EXERCISE INSTRUCTIONS |
The answer should hold every line of the listing, unchanged and free of images.

COLLECTED DATA |
..........

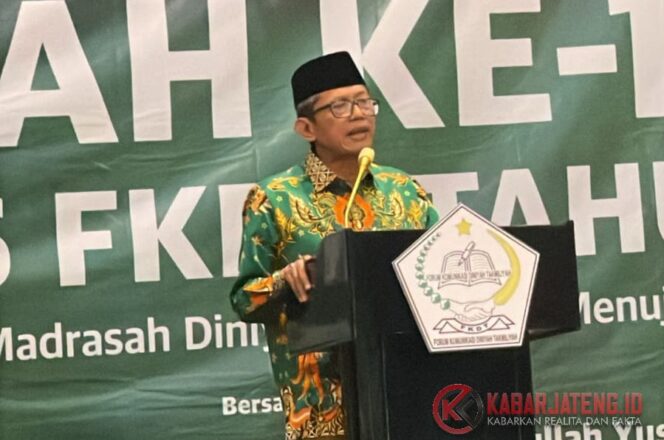 
					Ketua Umum Forum Komunikasi Diniyyah Takmiliyah, H. Lukman Khakim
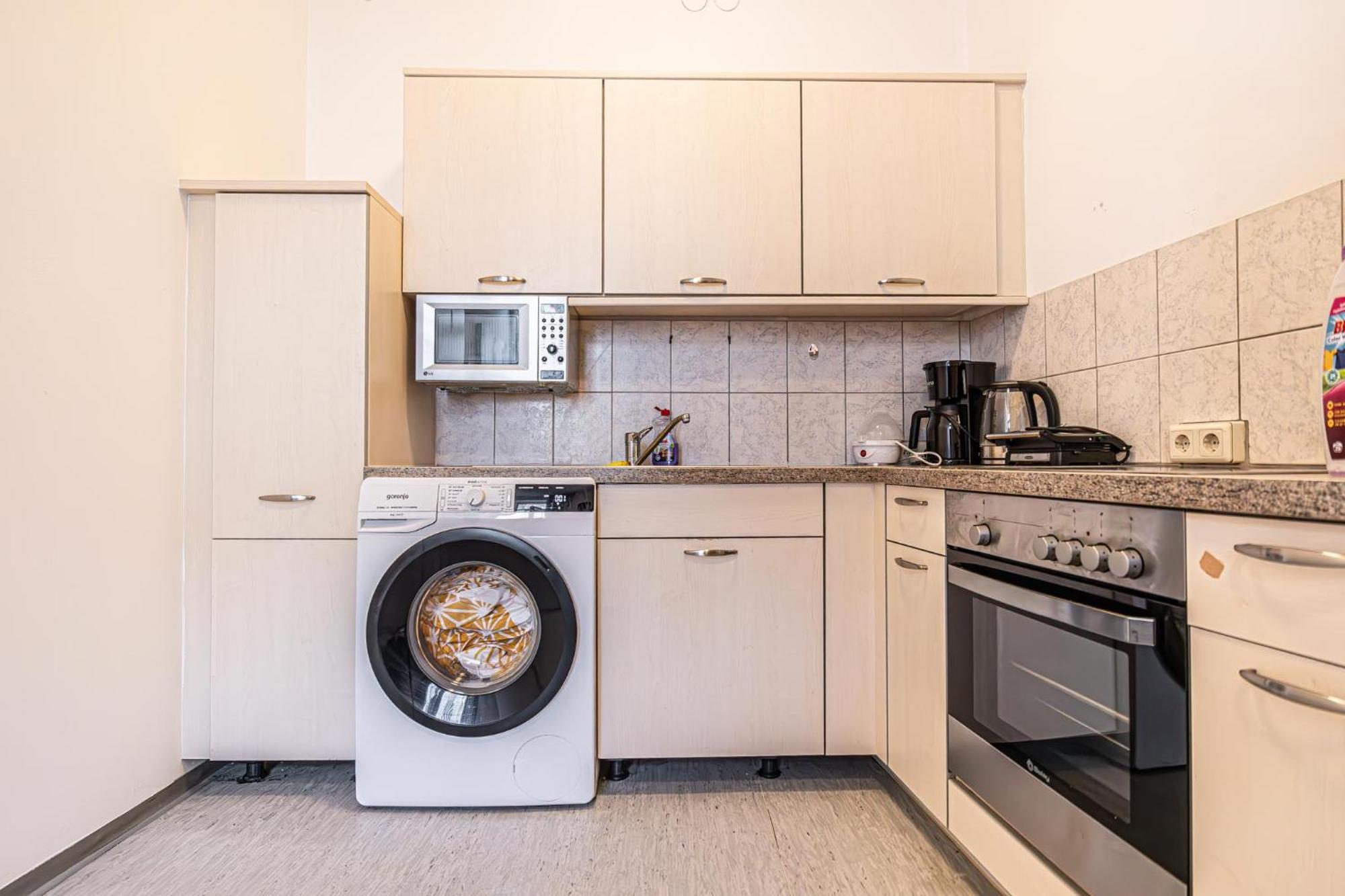Near Schoenbrunn - Economy Rooms In Shared Apartment At Meidling Train Station Wenen Buitenkant foto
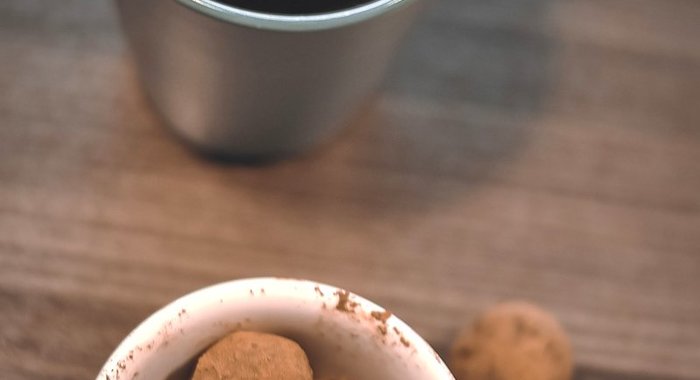 Кокосовые конфеты с финиками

..........

RESULT OF THIS TASK |
					Ketua Umum Forum Komunikasi Diniyyah Takmiliyah, H. Lukman Khakim
Near Schoenbrunn - Economy Rooms In Shared Apartment At Meidling Train Station Wenen Buitenkant foto
 Кокосовые конфеты с финиками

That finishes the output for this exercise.